In the past 36 months Real Estate has seen a decrease in its average mean value, depending on your metro area, an average of 12 to 32 percent. This is referred to as deflation (in economics, deflation is a decrease in the general price level of goods and services). Deflation is not necessarily bad for everyone, especially for new market buyers that need a more affordable housing price in order to purchase.
Ultimately, a stable market economy strives for price stability. In Real Estate this is usually meeting or slightly beating the United States inflationary rate (the opposite of deflation and normally measured with the use of a publicly posted index called the Consumer Price Index). A stable Real Estate market typically lasts many years and almost always follows a Real Estate Recession. In fact the bulk of years within the seven to ten year cycles, represent a stable Real Estate Market. Therefore, 80 percent or more of the historical annual appreciation in real estate has valuation increases at or just above inflation.
For those of you who are business people, you likely seek investments that are stable, predictable, and going up in value each year. The conservative investor should consider buying during Real Estate market cycles that hold a stable future with somewhat predictable results (i.e. less speculative). Such a market is likely to exist for the next 5 years. For those of you sitting on the sidelines wondering when to enter this market, it is time for you to jump in, prior to any inflation, and thereby purchasing at the bottom. Anyone who classifies themselves as a conservative low risk real estate investor should certainly enter the market right now.
What about HYPERINFLATION?
This question is becoming a standard talking point for business news and the media. The reason is that the easing of monetary policies (i.e. excessive government spending, printing cash and giving it to banks and private industry, increasing government debt to provide stimulus) creates a large financial burden on the American tax payer. The financial burden is created when we borrow money from creditors to pay for the monetary easing. We raise the money through offerings of U.S. Treasuries to the American public and Foreign Countries.

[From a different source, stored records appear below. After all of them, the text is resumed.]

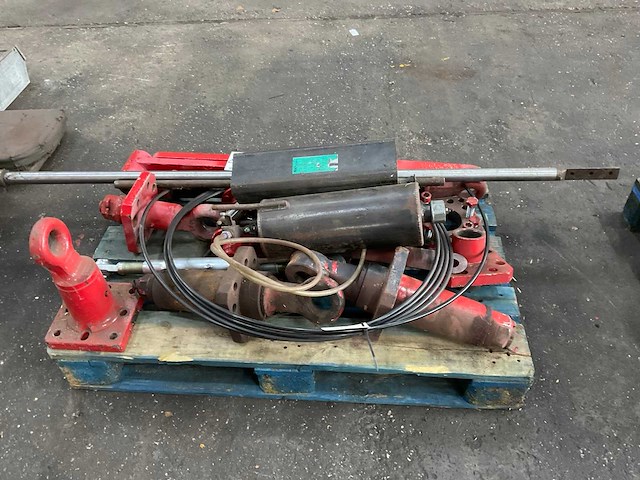 Partij aanhangwagen onderdelen - afbeelding 3 van  8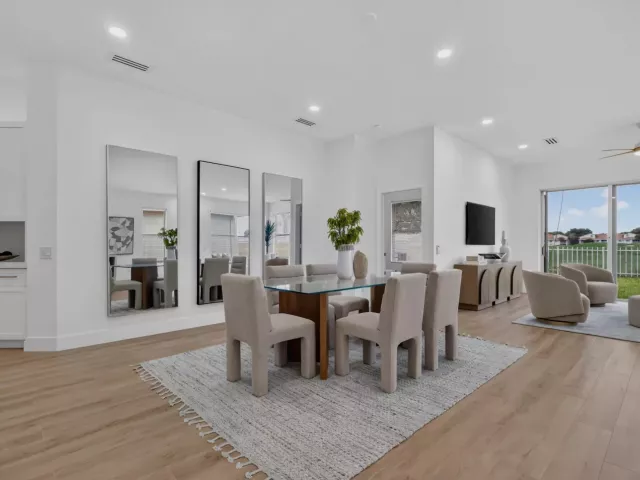 3-bedroom home for sale in West Palm Beach - 1115 Gator Trail - MondialRealty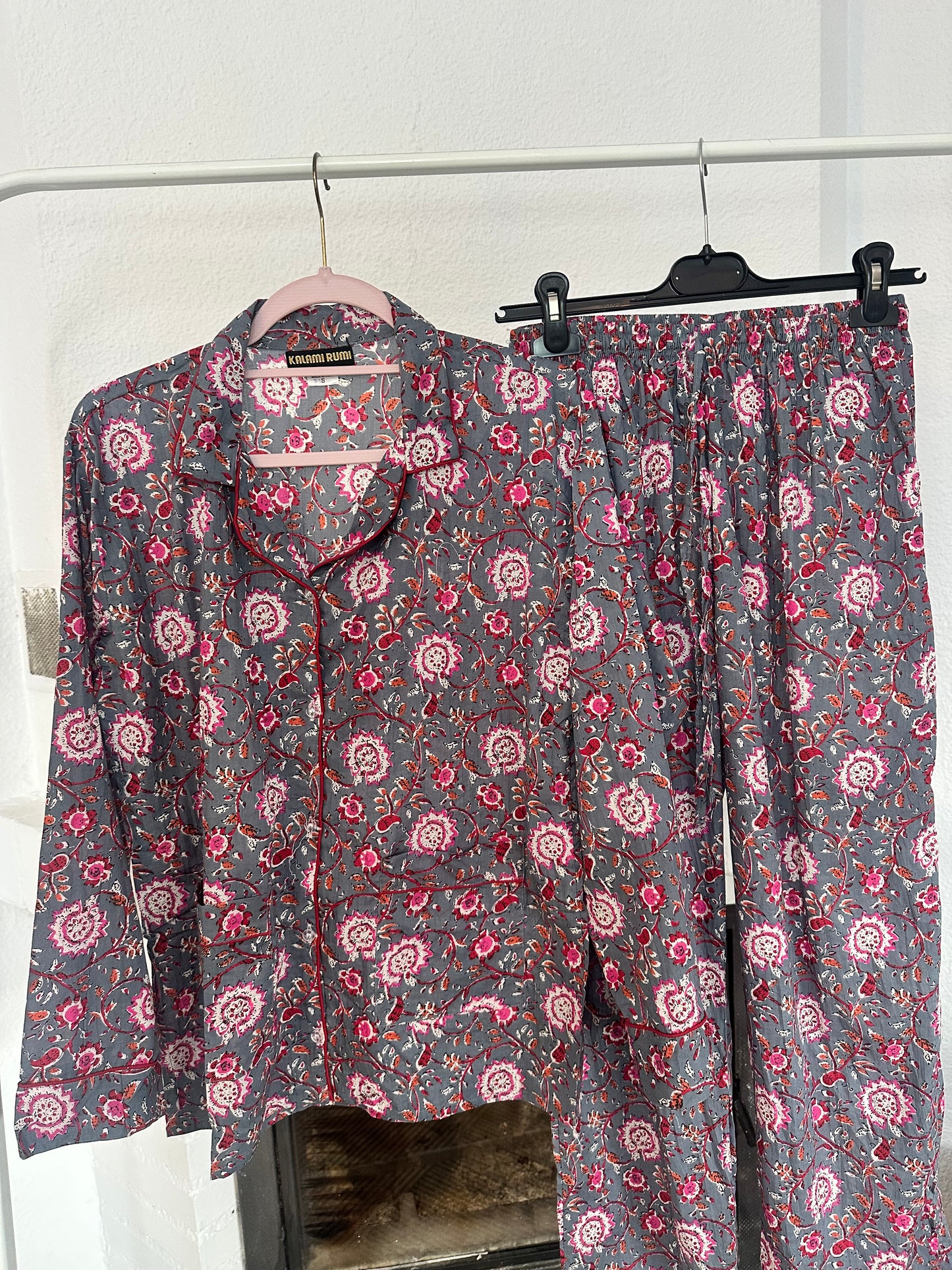 PIJAMA ROSAS TALLA XL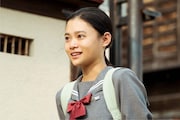 「湯を沸かすほどの熱い愛」より、杉咲花。(c)2016「湯を沸かすほどの熱い愛」製作委員会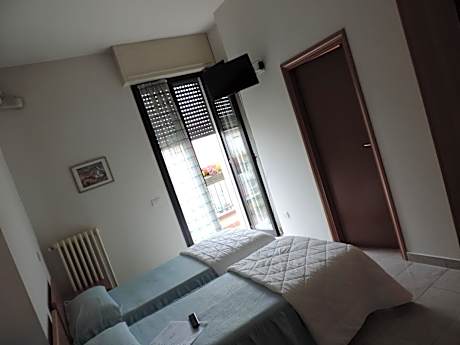 Twin Room with Bathroom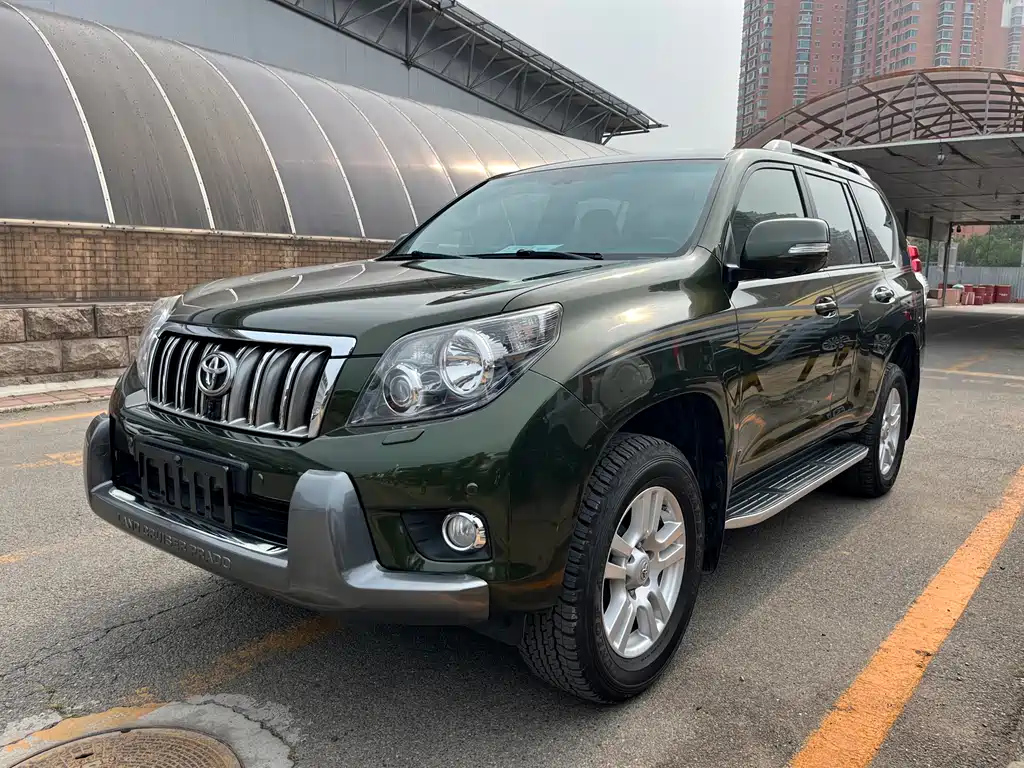 TOYOTA PRADO 2010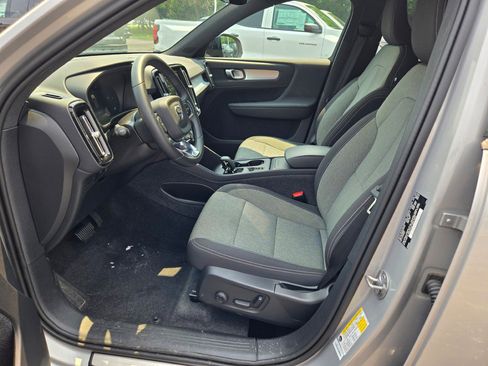 Used 2024 Volvo XC40 B5 Core image 22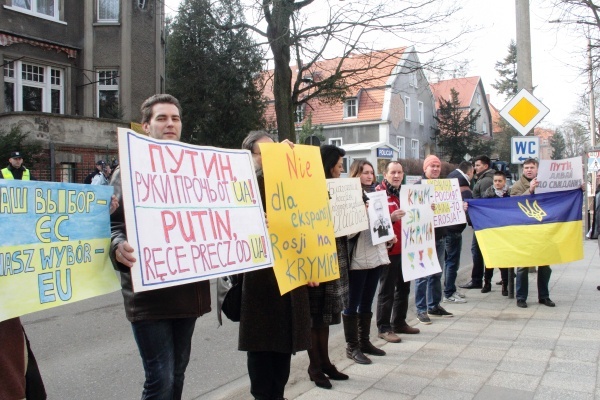 Protest przed rosyjskim konsulatem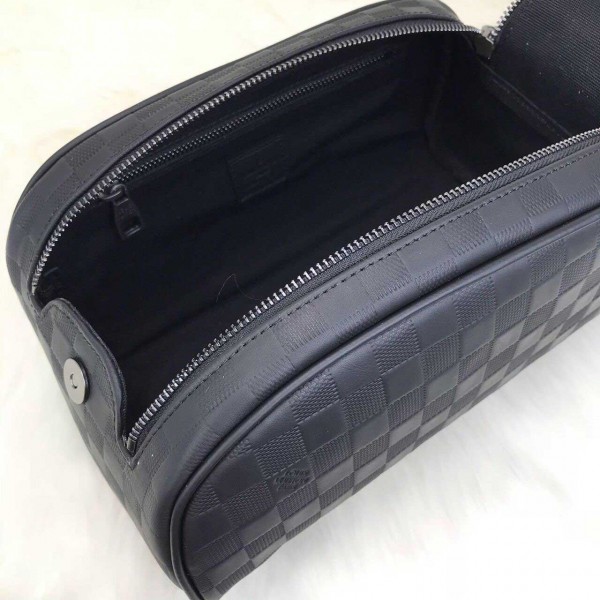 Louis Vuitton King Size Toiletry Pouch3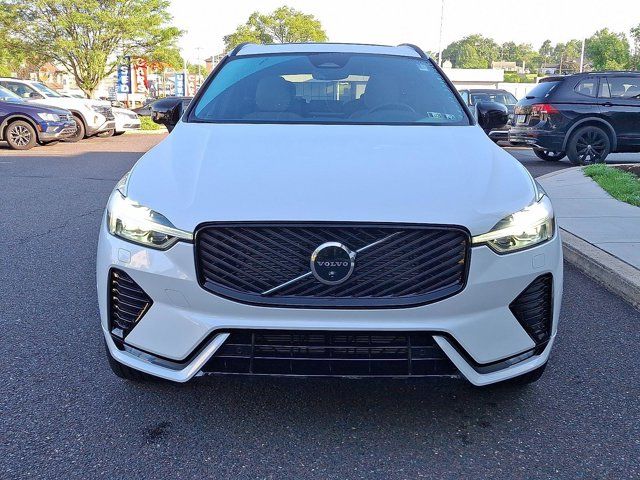 2026 Volvo XC60 Plus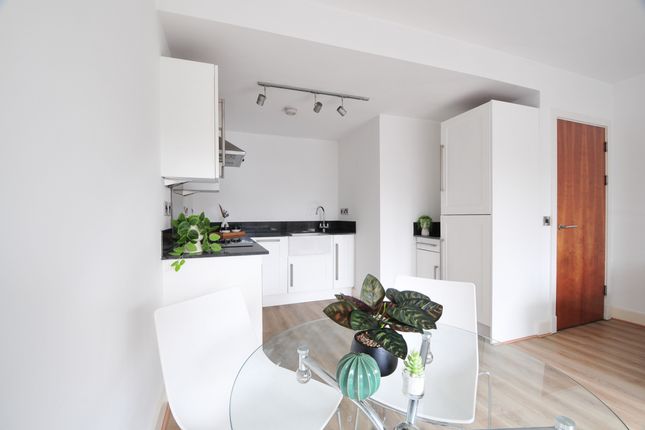 2 bed flat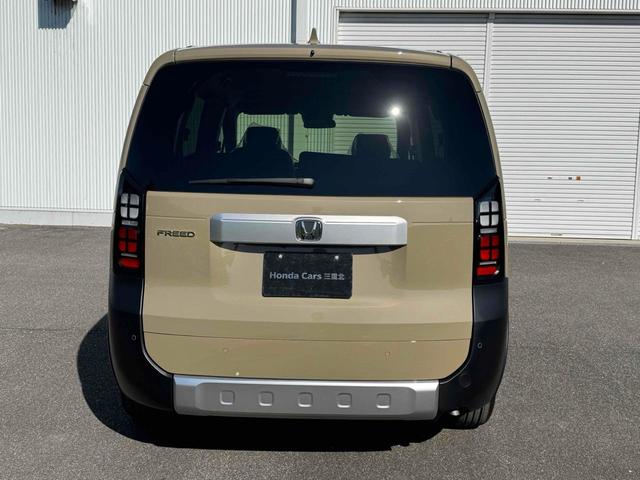 フリード クロスター フロントグリル フロントグリルエンブレム クリアランスソナー オートクルーズコントロール レーンアシスト 衝突被害軽減システム 両側電動スライドドア LEDヘッドランプ ヘッドライトウォッシャー(7枚目)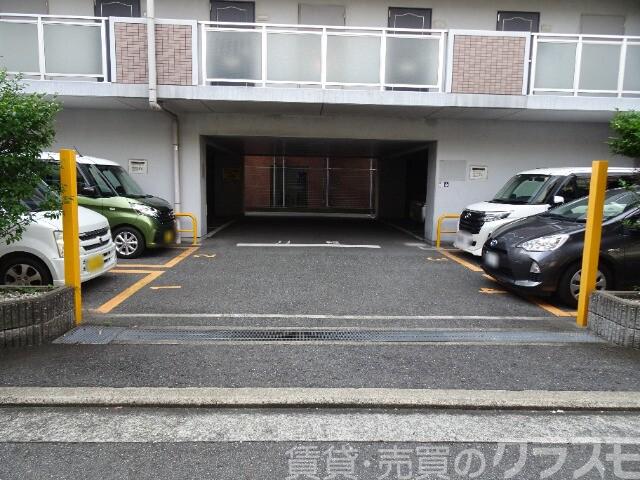 駐車場　敷地内駐車場
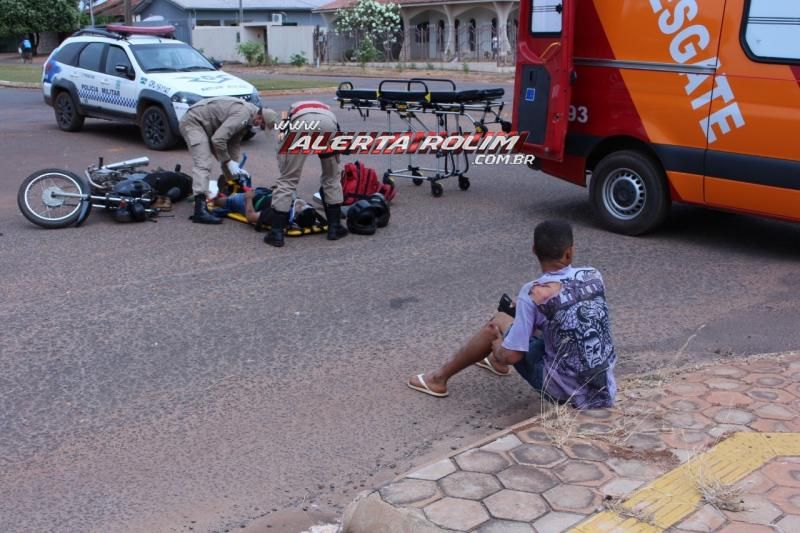 Colisão entre carro e moto resulta em dois feridos no Centro de Rolim de Moura Colisão entre carro e moto resulta em dois feridos no Centro de Rolim de Moura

Government borrowing is no different from individual borrowing. The more you borrow the higher risk you become (i.e. creditors hold less confidence in your ability to pay back your debt). A higher risk borrower almost always has to pay HIGHER INTEREST RATES. Therefore, some economists are betting that the U.S. will have to increase interest rates to creditors and thereby affect our entire monetary system by causing greater inflation for everyone.
One of the root causes of inflation is associated with a major lack of confidence in the U.S. dollar. It is possible for this to occur when our foreign creditors ask that we increase the interest rate we are paying them. In turn the U.S. will need to collect this from taxpayers. Meanwhile the U.S. dollar could go down in value compared to other foreign countries currency, which would result in the price of goods shipped to the U.S. to go up. With so much of our goods and services being foreign, increased prices could result in major increases in consumer goods. Of course during such a period the typical consumer cannot afford the price increases. Ultimately we see higher prices for products that we buy, higher interest rates on real estate, and less income to pay for goods and services. In summary we have hyperinflation.
Does hyperinflation negatively affect the real estate investor?
Real Estate is considered one of the few asset classes which have an inflationary hedge. Meaning people who already own real estate will see solid appreciation. Meanwhile if you have fixed interest rate loans your debt will not increase and your financial ratios (debt/equity) will improve. Rents are likely to go up along with expenses. The bad news is that your property becomes very difficult to liquidate since interest rates are too high for buyers. Vacancy can sometimes increase, depending on your region. Overall the short term affects are usually positive for real estate owners. In the long run a drag on the consumer creates economic turmoil which ultimately is bad for everyone.
As an economic commentator I disagree with the doomsday reports expecting hyperinflation. The reason is that other countries are generally in worse shape than the United States and it is in the best interest for our foreign lenders to keep the American consumer happy and buying. China has learned from this last down turn that when the American consumer stops buying it greatly damages their own economy. Destroying our currency would only hurt China and not help them. Meanwhile almost every first world country has large national debt and often at even greater percentages of debt versus GDP compared to that of the United States. Any foreign creditor that demands higher interest will also need to do the same for other countries, thereby causing a global economic disaster that is likely to damage the creditors economy. The international community has great incentive to make sure almost every economy is healthy. The world economies are far to integrated to separate from one another. Yes, we do have to get this under control. However, we are not at a tipping point of hyperinflation.
It is more likely that we will see some moderate and possibly higher than expect inflation. This means that interest rates will increase and those of you who decide to buy investment property now will only benefit more.